Commercial/Industrial facilities.

I have a customer who is being charged a SIGNIFICANT amount for the water usage after the intial system fill and fire pump flow testing (intial acceptance testing activities).
 
Part 1 is up to ech water district


Part 2 we do an electric transmitter on the bypass meter

Most places charge for water usage , and some chrage for the tap/ meter
 
Sometimes fees can get ridiculous in my opinion.

When I did jobs around the Columbus, Ohio area we did whatever it took to keep the city tap/meter as small as possible. In a 5k sf building if you had to run 3" branch lines and 6" mains instead of 2" branch lines and 4" mains to keep the tap at 6" instead of 8" that is what you did.

And you certainly did this if out of the contract area which mostly meant outside the city limits but with Columbus water.

Next time you get depressed because the city wants to charge $5,000 for a tap fee take a gander at this.


That is not a typo but at least they gave a break for Fire Protection Only (FPO).

Outside the city for a 6" tap you paid the cost of the tap plus 25%, plus $5,268.00 for the FMCT meter plus $33,626.00 for the capacity charge plus $22/foot frontage fee so a 6" fire only tap on a property with 200' could easily cost $50,000 or more.

An 8" could easily run $75,000.

Columbus Fire often required a fire hydrant be installed on the property which always dictated 8" the same as if you had two systems required 8" regardless of hydraulics.

To be fair the city did put all the money back into improvements and you can go anywhere and expect 70-90 static, 55-70 residual flowing 2,000 gpm or better.

More often than not when outside the city limits, Dublin for example , there would be a surcharge of $18,981.60 for a 6" fire only tap on top of the City of Columbus tapping charge. A 6" tap could run $70,000 with an 8" running $110,000.

And you thought tapping fees in your town were high.

The sad part is many buildings that should have had sprinklers didn't. Fire doors, extra walls, get the building down to 11,999 sq. ft. whatever it took so sprinklers were not required.
 
Well I would like to share my input on this.
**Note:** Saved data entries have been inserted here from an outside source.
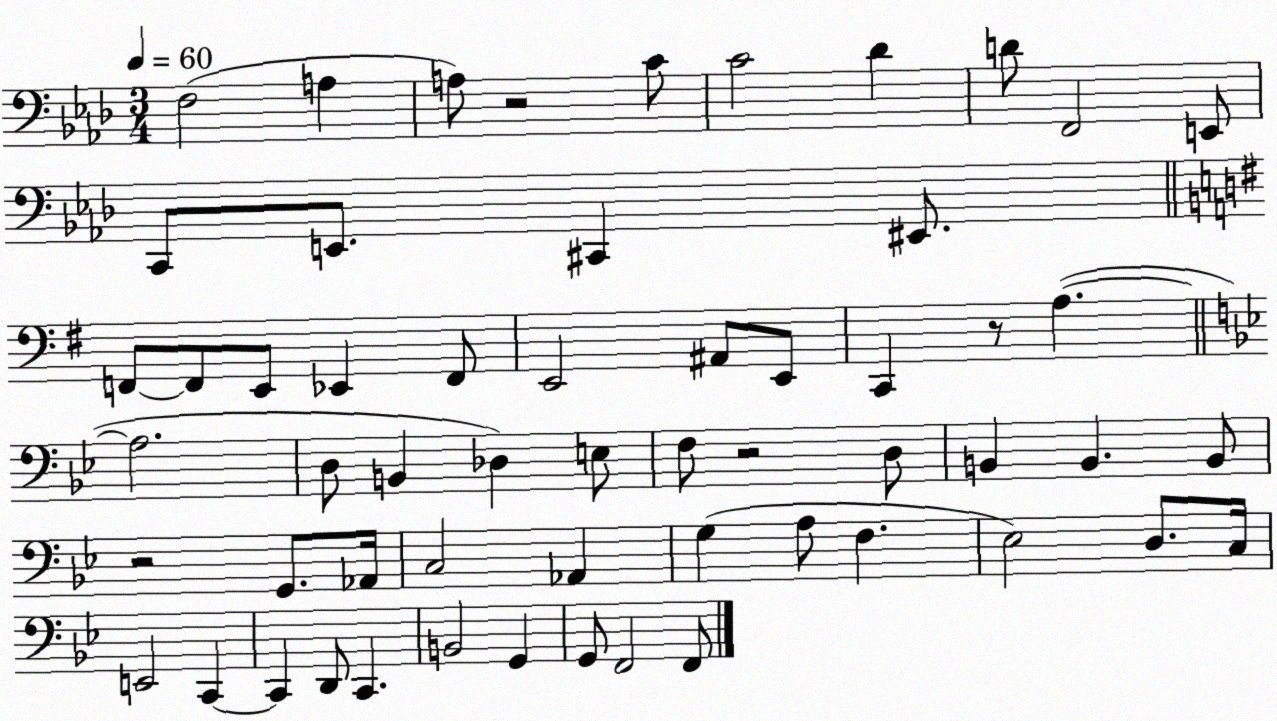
X:1
T:Untitled
M:3/4
L:1/4
K:Ab
F,2 A, A,/2 z2 C/2 C2 _D D/2 F,,2 E,,/2 C,,/2 E,,/2 ^C,, ^E,,/2 F,,/2 F,,/2 E,,/2 _E,, F,,/2 E,,2 ^A,,/2 E,,/2 C,, z/2 A, A,2 D,/2 B,, _D, E,/2 F,/2 z2 D,/2 B,, B,, B,,/2 z2 G,,/2 _A,,/4 C,2 _A,, G, A,/2 F, _E,2 D,/2 C,/4 E,,2 C,, C,, D,,/2 C,, B,,2 G,, G,,/2 F,,2 F,,/2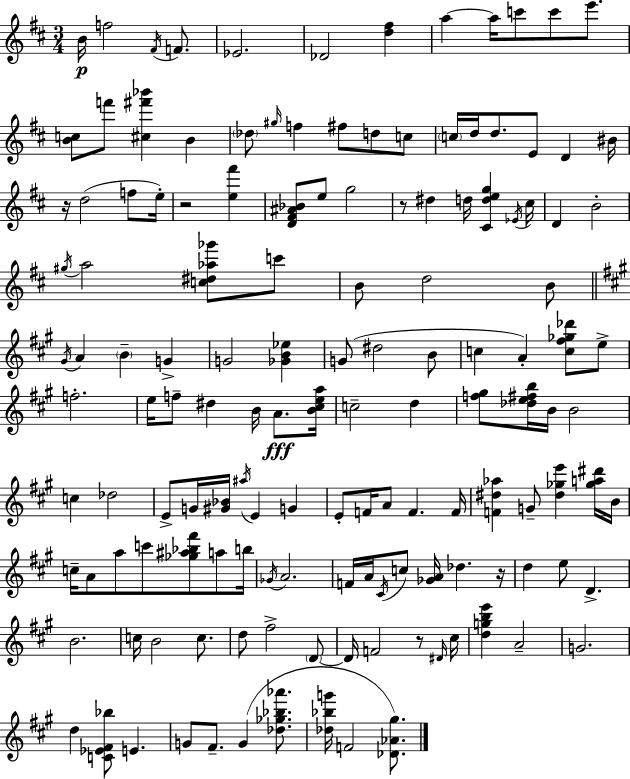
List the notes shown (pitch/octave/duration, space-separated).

B4/s F5/h F#4/s F4/e. Eb4/h. Db4/h [D5,F#5]/q A5/q A5/s C6/e C6/e E6/e. [B4,C5]/e F6/e [C#5,F#6,Bb6]/q B4/q Db5/e G#5/s F5/q F#5/e D5/e C5/e C5/s D5/s D5/e. E4/e D4/q BIS4/s R/s D5/h F5/e E5/s R/h [E5,F#6]/q [D4,F#4,A#4,Bb4]/e E5/e G5/h R/e D#5/q D5/s [C#4,D5,E5,G5]/q Eb4/s C#5/s D4/q B4/h G#5/s A5/h [C5,D#5,Ab5,Gb6]/e C6/e B4/e D5/h B4/e G#4/s A4/q B4/q G4/q G4/h [Gb4,B4,Eb5]/q G4/e D#5/h B4/e C5/q A4/q [C5,F#5,Gb5,Db6]/e E5/e F5/h. E5/s F5/e D#5/q B4/s A4/e. [B4,C#5,E5,A5]/s C5/h D5/q [F5,G#5]/e [Db5,E5,F#5,B5]/s B4/s B4/h C5/q Db5/h E4/e G4/s [G#4,Bb4]/s A#5/s E4/q G4/q E4/e F4/s A4/e F4/q. F4/s [F4,D#5,Ab5]/q G4/e [D#5,Gb5,E6]/q [Gb5,A5,D#6]/s B4/s C5/s A4/e A5/e C6/e [Gb5,A#5,Bb5,F#6]/e A5/e B5/s Gb4/s A4/h. F4/s A4/s C#4/s C5/e [Gb4,A4]/s Db5/q. R/s D5/q E5/e D4/q. B4/h. C5/s B4/h C5/e. D5/e F#5/h D4/e D4/s F4/h R/e D#4/s C#5/s [D5,G5,B5,E6]/q A4/h G4/h. D5/q [C4,Eb4,F#4,Bb5]/e E4/q. G4/e F#4/e. G4/q [Db5,Gb5,Bb5,Ab6]/e. [Db5,Bb5,G6]/s F4/h [Db4,Ab4,G#5]/e.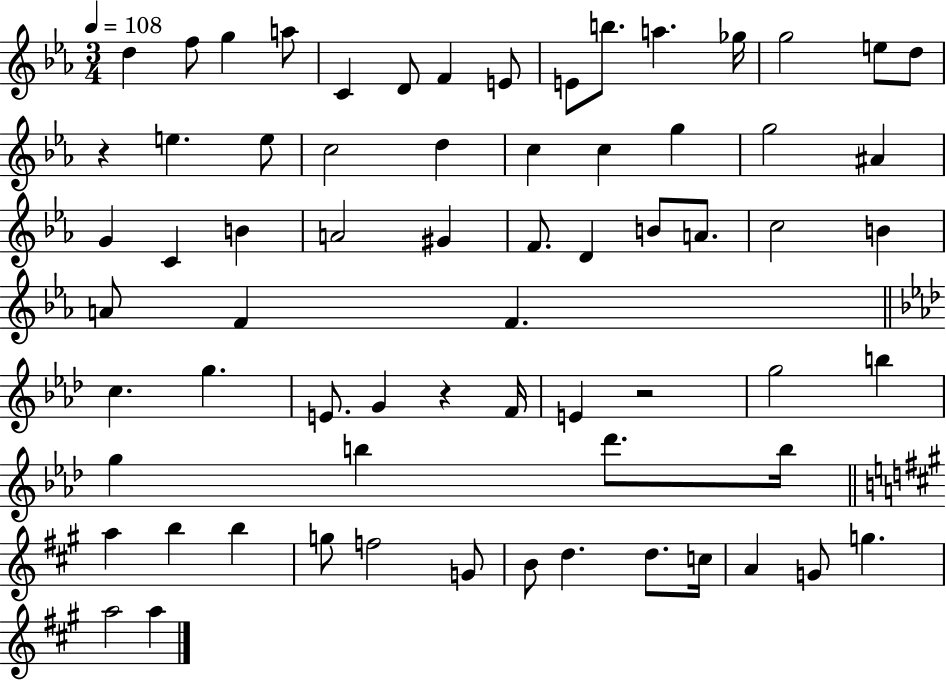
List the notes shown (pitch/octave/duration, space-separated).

D5/q F5/e G5/q A5/e C4/q D4/e F4/q E4/e E4/e B5/e. A5/q. Gb5/s G5/h E5/e D5/e R/q E5/q. E5/e C5/h D5/q C5/q C5/q G5/q G5/h A#4/q G4/q C4/q B4/q A4/h G#4/q F4/e. D4/q B4/e A4/e. C5/h B4/q A4/e F4/q F4/q. C5/q. G5/q. E4/e. G4/q R/q F4/s E4/q R/h G5/h B5/q G5/q B5/q Db6/e. B5/s A5/q B5/q B5/q G5/e F5/h G4/e B4/e D5/q. D5/e. C5/s A4/q G4/e G5/q. A5/h A5/q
I live in one of the most corrupted states in the country.
Even if stevenal comment appears to be right by code you must flow water every quarter and every year so if you follow the code you are basically using water in a yearly bases.

How ever now in NJ we meter everything and charge you for a service line fee whether you flow or not. Then you pay for all additional water registered in the meter. LOL funny right.
We do not really enforce quarterly inspections but we require to follow NFPA 25 Standard. Funny again right.

My point is that they charge you with a quarterly/yearly service line fee plus you get billed monthly for any water used but yet not real enforcement of NFPA 25 is being made.

This country is bad, very bad. Thanks politicians!
 
I wonder how much water on average is used in a unsprinklered building to put out a fire.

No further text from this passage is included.